TASK DESCRIPTION => Pictures are to be dropped, and only the lines from the one containing "Produktbild Eaton /Tripplite" through the end of the data below are to be reproduced as written.

RAW DATA =>
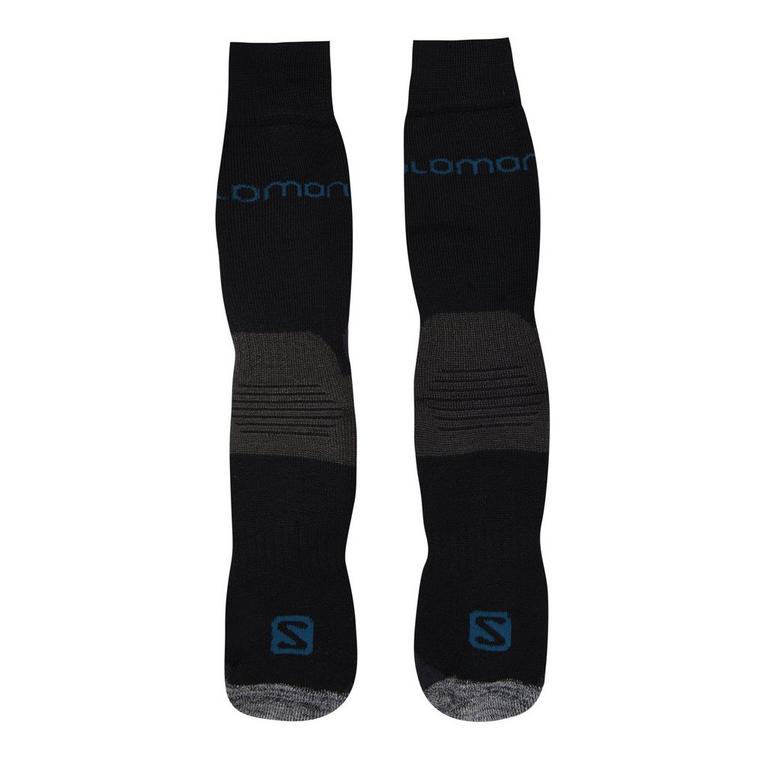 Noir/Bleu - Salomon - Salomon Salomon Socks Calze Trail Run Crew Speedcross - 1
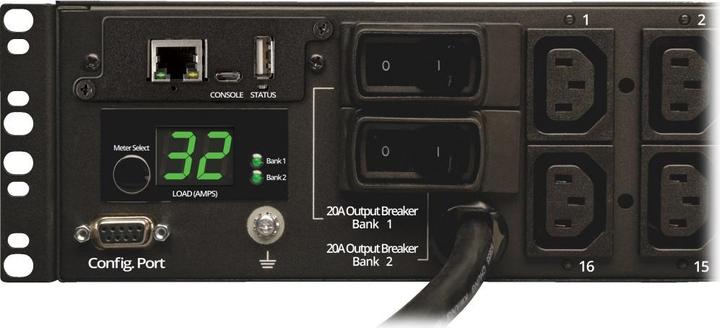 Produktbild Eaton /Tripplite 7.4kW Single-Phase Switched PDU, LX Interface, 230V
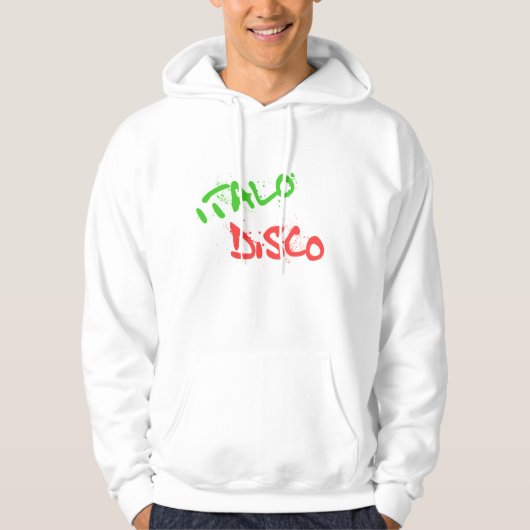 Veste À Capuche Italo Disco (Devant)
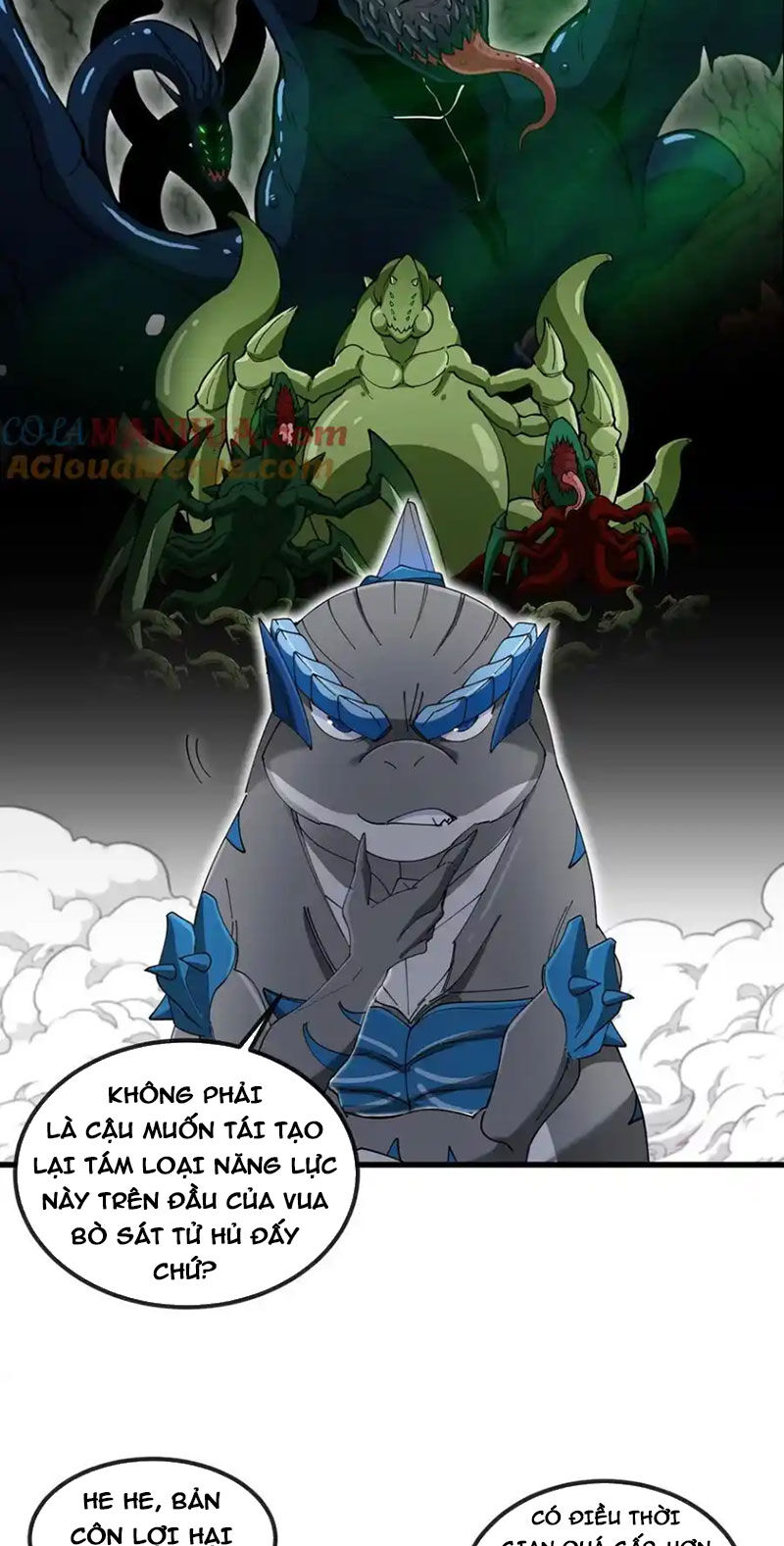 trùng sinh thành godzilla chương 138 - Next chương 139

EXERCISE ANSWER =>
 Produktbild Eaton /Tripplite 7.4kW Single-Phase Switched PDU, LX Interface, 230V
 Veste À Capuche Italo Disco (Devant)
 trùng sinh thành godzilla chương 138 - Next chương 139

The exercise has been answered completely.